Can the U.S. and South Korea Stay Aligned on North Korea Sanctions?

Can the U.S. and South Korea Stay Aligned on North Korea Sanctions?
U.S. President Donald Trump meets with South Korean President Moon Jae-in at the Lotte New York Palace hotel during the United Nations General Assembly, New York, Sept. 24, 2018 (AP photo by Evan Vucci).

As 2018 draws to a close, U.S. President Donald Trump and his South Korean counterpart, Moon Jae-in, are sounding remarkably optimistic about the future of the Korean Peninsula, a marked contrast to the hostile rhetoric of potential “fire and fury” that reflected heightened tensions following a series of nuclear and missile tests by North Korea just one year ago. Most experts and analysts, however, are skeptical that the current approach will yield the positive outcomes the two leaders predict, noting that no concrete actions toward denuclearization, much less the process by which they might be taken, have been discussed with North Korea.

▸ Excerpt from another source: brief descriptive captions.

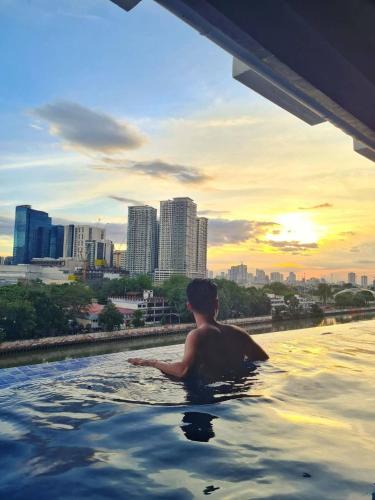 a man in a swimming pool in a city at The Hmlet Manila, Near Poblacion Makati Nightlife in Manila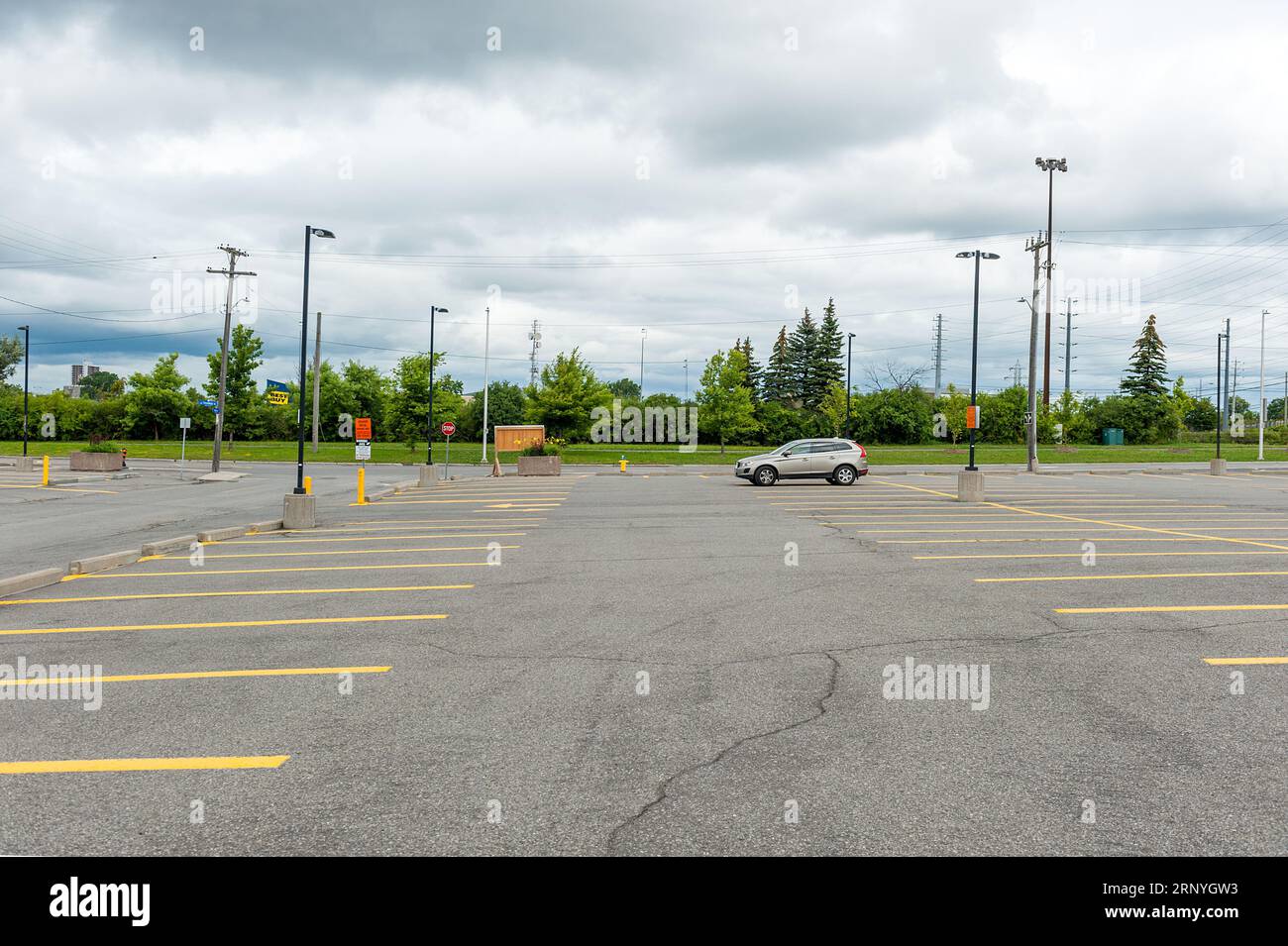 Einsames Auto auf einem großen Parkplatz geparkt. Stockfoto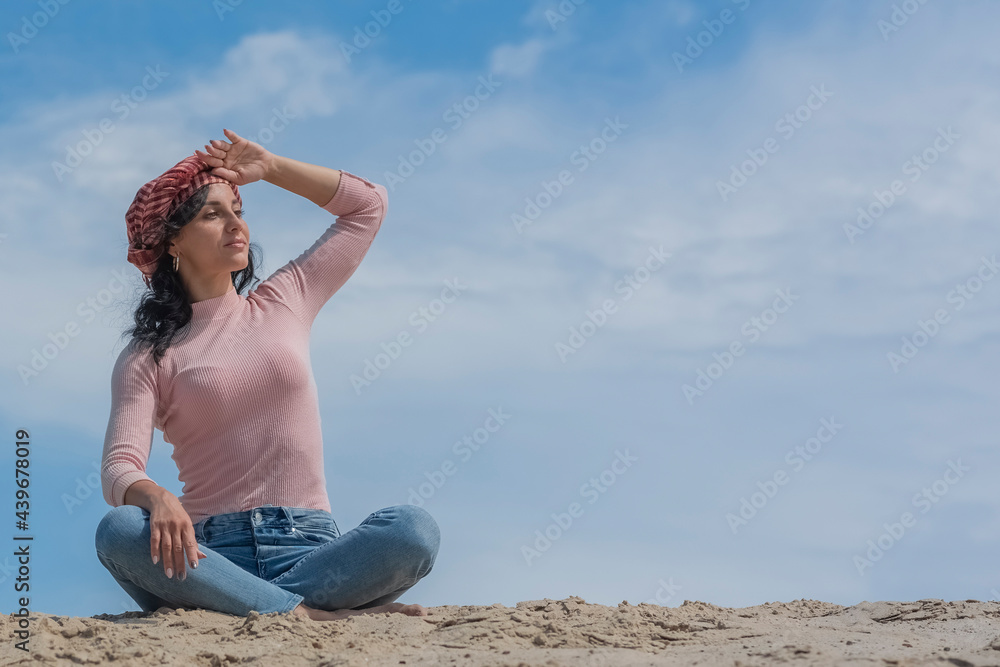 .Girl sitting on the sand under the blue sky and smiling .Girl sitting on the sand under the blue sky and smiling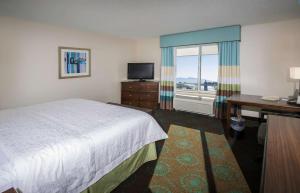 a hotel room with a bed and a desk and a window at Hampton Inn & Suites Suisun City Waterfront in Suisun City +25 photos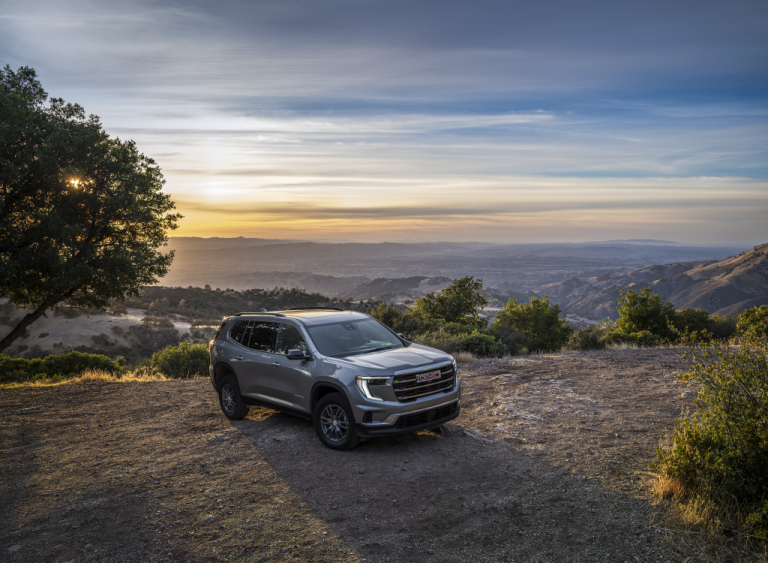 A GMC Acadia is standing in an open space on a flat cliff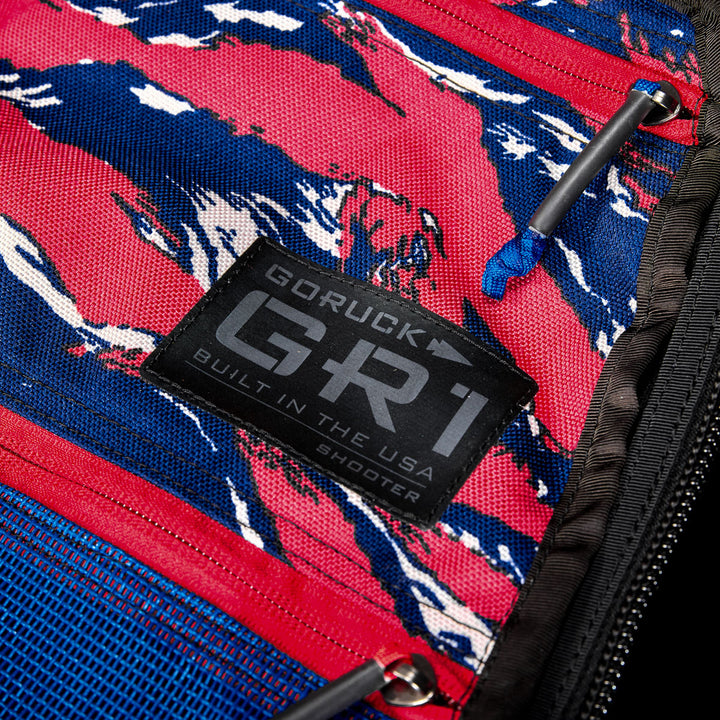 Close-up of a GR1 Shooter 26L - Built by SCARS label on a vibrant CORDURA® fabric bag in red, blue, and white with visible zippers—showcasing durability from the SCARS team.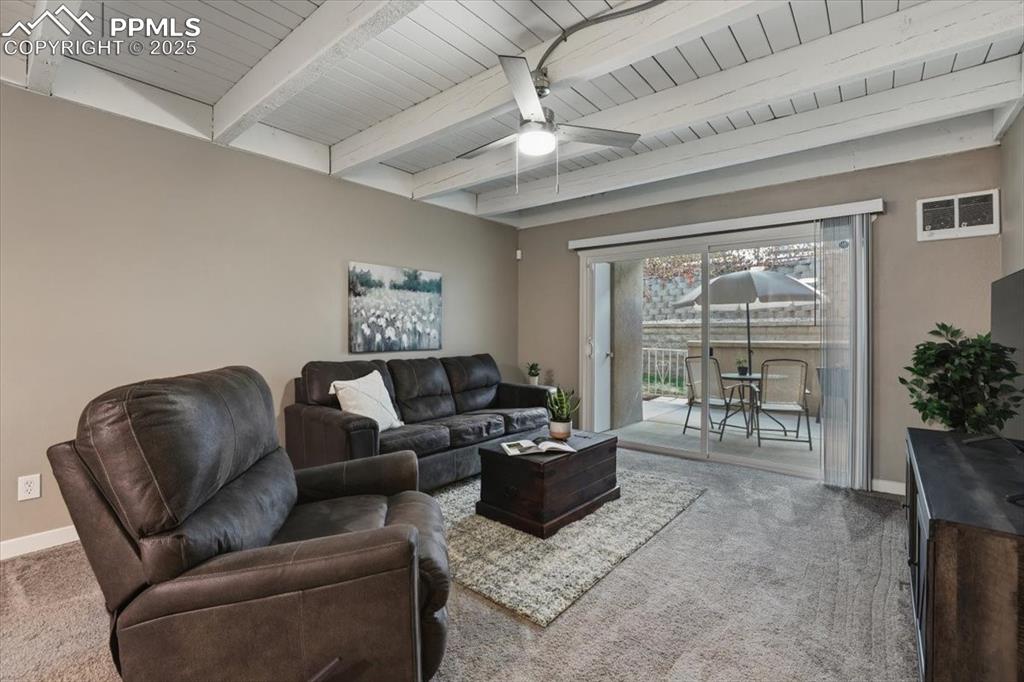 Image 7 of 25: Living area featuring beamed ceiling, light carpet, and ceiling fan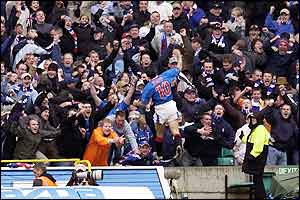 Nacho Novo celebrates his goal with the Rangers fans - picture from Action Images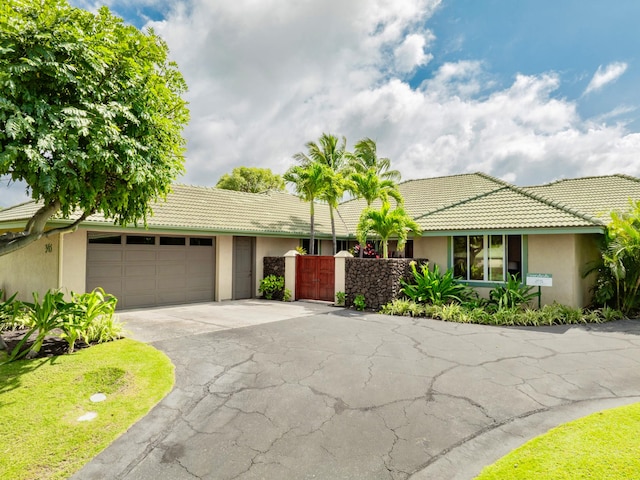 62-3600 Amaui Pl Unit 345, Waimea, HI 96743 - single story home featuring stucco siding, asphalt driveway, a garage, a tiled roof, and a gate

Just last week, returning from Argentina where he met Trump on the sidelines of the Group of 20 summit, Moon stated that Trump had a “very friendly view” of North Korean leader Kim Jong Un. He added that the U.S. would grant Kim’s wishes of security guarantees and relief from international sanctions, as agreed to during their summit in Singapore in June earlier this year.

Yet, notably, Kim has remained silent since Sept. 19, when he met for the third time with Moon and the two leaders issued the significant “Pyongyang Declaration.” It was the first agreement with North Korea that has offered any tangible proposals for potential cooperation in concrete language, rather than vague and abstract terms, although this cooperation remain centered on inter-Korean and peninsular affairs, as opposed to denuclearization.